Our goal is to get 30 percent of our business this year to be in that cloud and digital arena and we think that will continue to scale. By 2020 we expect 60 percent of our business to be in that new area.
CIO.com: That makes sense. When you are engaging with customers around these digital transformations, what are the things that customers are struggling with? One of the things it seems to me they are struggling with is how do we make this beyond a one-off kind of thing? We can think of one thing we can do. How you make it a cultural thing seems to be an issue.
Warby: I always start with business case. In any of these things it’s easy in some ways to envision how things could be better, but to then put that into dollars and cents and to understand are you going to increase revenue, what’s the value of customer satisfaction going up, what’s the value of employee satisfaction going up?

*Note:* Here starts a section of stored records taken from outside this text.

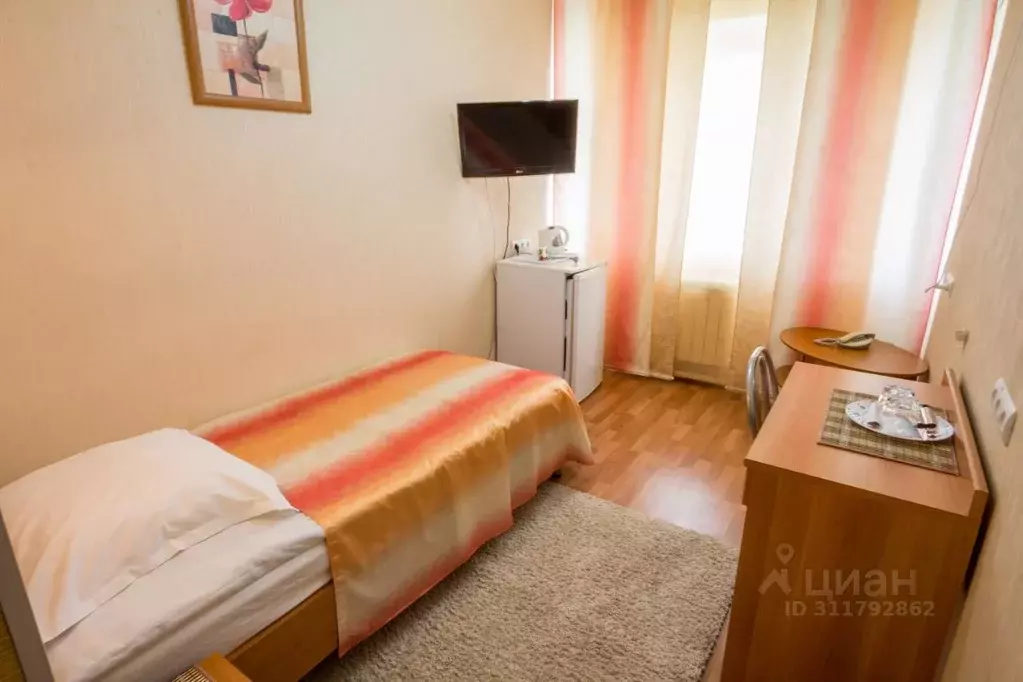 Комната Амурская область, Благовещенск пл. Ленина, 1 (13.0 м) - Фото 2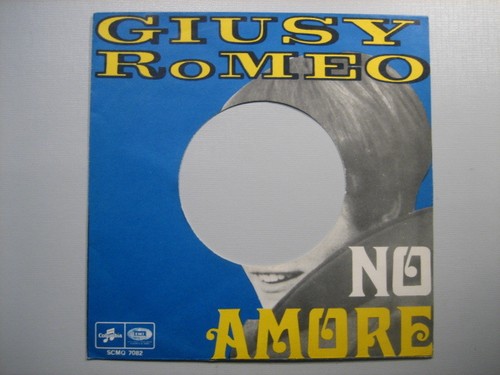 Giusy romeo amore - giusy, rara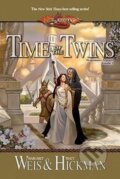 Kniha: Time of the Twins (Margaret Weis). Wizards of The Coast, 2001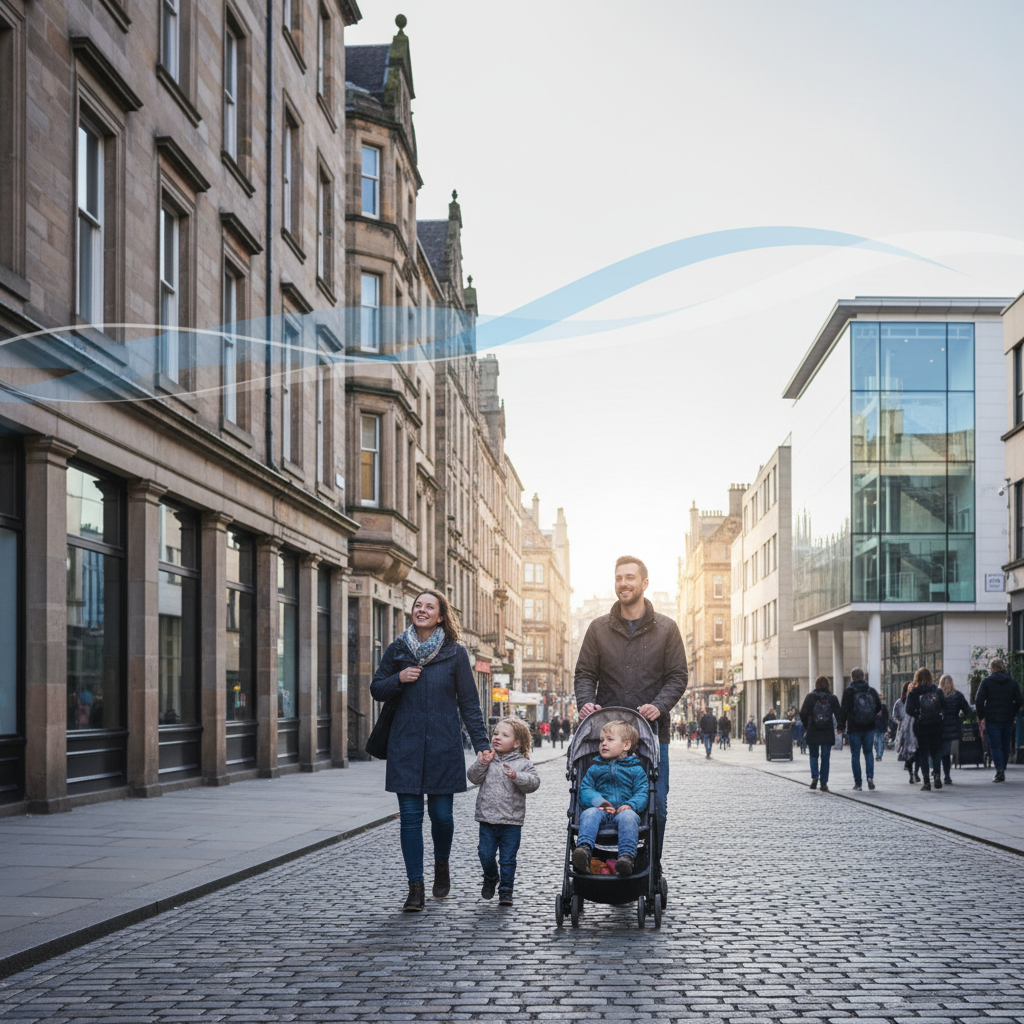 Smoke-free laws can slash second-hand smoke exposure — and Scotland remains one of the clearest real-world examples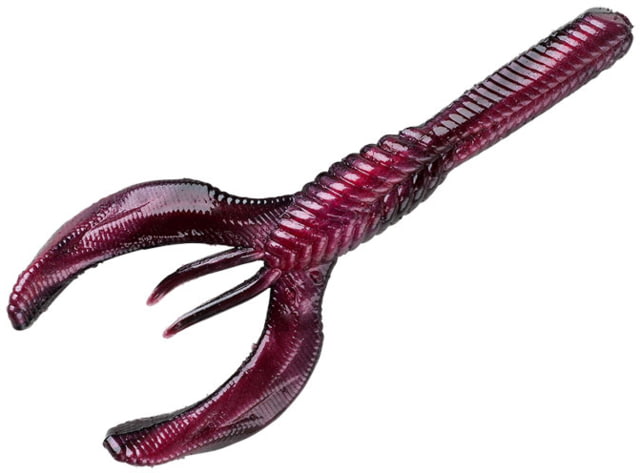 Yum Yum Money Craw Bait 3.75in Red Shad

There’s a fun example, another airline example actually, where we were working with the IT department on collaboration and whether they should move to Office 365 in the cloud. It was going to cost several million dollars to make the entire change and they were struggling with the business case and the pace at which they could do it. So we started to ask more questions about where is this collaboration happening. Lo and behold, one of the big business problems for an airline is on-time departure of their planes. I think we all recognize that.
There were major incentives and a major budget in the system to improve the way planes could get away on time. Of course, it’s a collaboration problem but it’s more than just a collaboration problem, you have to have other things work. But once we started that conversation, were able to talk to the team that was focused on that issue, the budget opened up because we could actually affect the business goal that they were focused on.

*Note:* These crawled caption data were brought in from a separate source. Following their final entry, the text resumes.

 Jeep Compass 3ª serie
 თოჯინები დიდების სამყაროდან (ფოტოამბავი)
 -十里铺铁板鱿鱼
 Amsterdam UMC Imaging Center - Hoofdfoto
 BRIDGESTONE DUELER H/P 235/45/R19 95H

I think everybody struggles with it at some level and for us it means we need new types of skills as well. We have more advisory services now in helping think through business case, change management, all of those things. You’re right; it’s a cultural change too. Now instead of working in my little silo, I am collaborating across 15 different things to get this plane off on time.
Slattery: The other area I would add is experimentation to execution. How do you get from proof of concept to actually running as a digital business or having a particular digital process or work stream? You can create some ideas, you can get up some pilots and some proof of concepts, but when you actually have to integrate it into your core operations, make sure that it’s robust and looked after properly, that raises the scope of the engagement and the challenge.
I think that’s one of the places we do quite well at helping our clients. That’s what we were formed for back 15 years ago. Arguably, Microsoft is cool again.
CIO.com: Adam, you had mentioned in several instances the line of business role in this in addition to - I won’t say vs. IT. How are you seeing this ownership of innovation changing? Are you seeing IT shops taking the bimodal IT strategy that Gartner has discussed?
Warby: Maybe before we go there I’ll just comment on two other problems I see that are really important and I think they play into what’s the role of IT vs. the business and what’s happening, which is speed and skills. Once you’ve got the business case and once you’ve got through the experimentation, it’s let’s hurry up and get the business benefits. If you don’t do it your competition is doing it.
The example I gave of the European retailer, you’ve got to get this in time for the particular season, the end of the year season or whatever it may be, and I’ve got to go roll this out across multiple countries. There are big changes when you start to fundamentally change the way people do business, change the way people work. Then, whose got the skills? Do we have the multidisciplinary skills to take something like this on? I just wanted to mention those two because I see them as key.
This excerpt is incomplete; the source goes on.